That’s a bit vague, but there is one potential concrete reason YouTube might want to remind the music industry, right now, how much money and exposure it generates. And that reason is: original content.
Last year, YouTube backed down from its plan to compete with Netflix, Hulu, Disney+, and all impending newcomers by making its original productions free to watch (rather than accessible solely through $11.99-per-month YouTube Premium). In the wake of that decision, it announced that music-focused originals were one of its key areas, along with educational series like Retro Tech and Age of AI. It made good on that announcement by producing a swath of originals featuring Colombian pop artist Maluma, Coldplay, Johnny Cash, and producer Mark Ronson.
Then it reportedly invested more than $20 million in the 10-episode Justin Bieber: Seasons. The price tag makes the show YouTube’s most expensive original ever–and it’s an investment that seems to be paying off.

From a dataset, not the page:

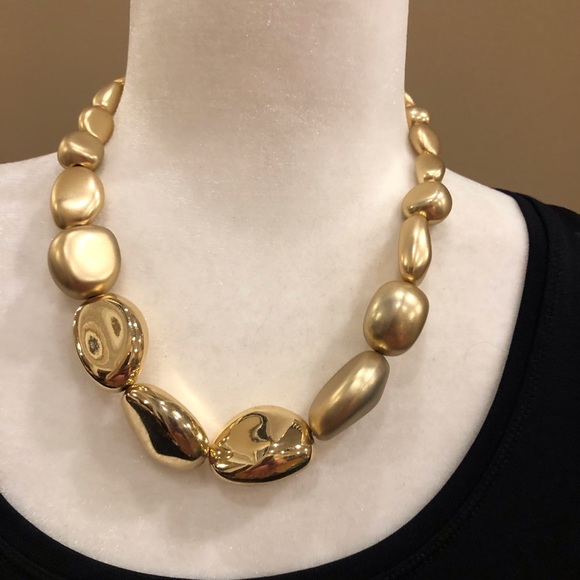 Jones New York Matte Gold Bead Statement Necklace and Matching Bracelet - Picture 2 of 8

Seasons (which is still airing) swiftly became YouTube’s most viewed original to date, in terms of views earned within the first week of a series premiere; its 11-minute first episode earned 32.56 million views in seven days (now up to 59 million), topping Liza on Demand (25.4 million) and Cobra Kai (21 million).
While YouTube hasn’t yet announced its content slate for 2020, there’s a good chance the platform will want to continue building on that Bieber momentum by making more music originals–so it doesn’t hurt to tout that $3 billion contribution.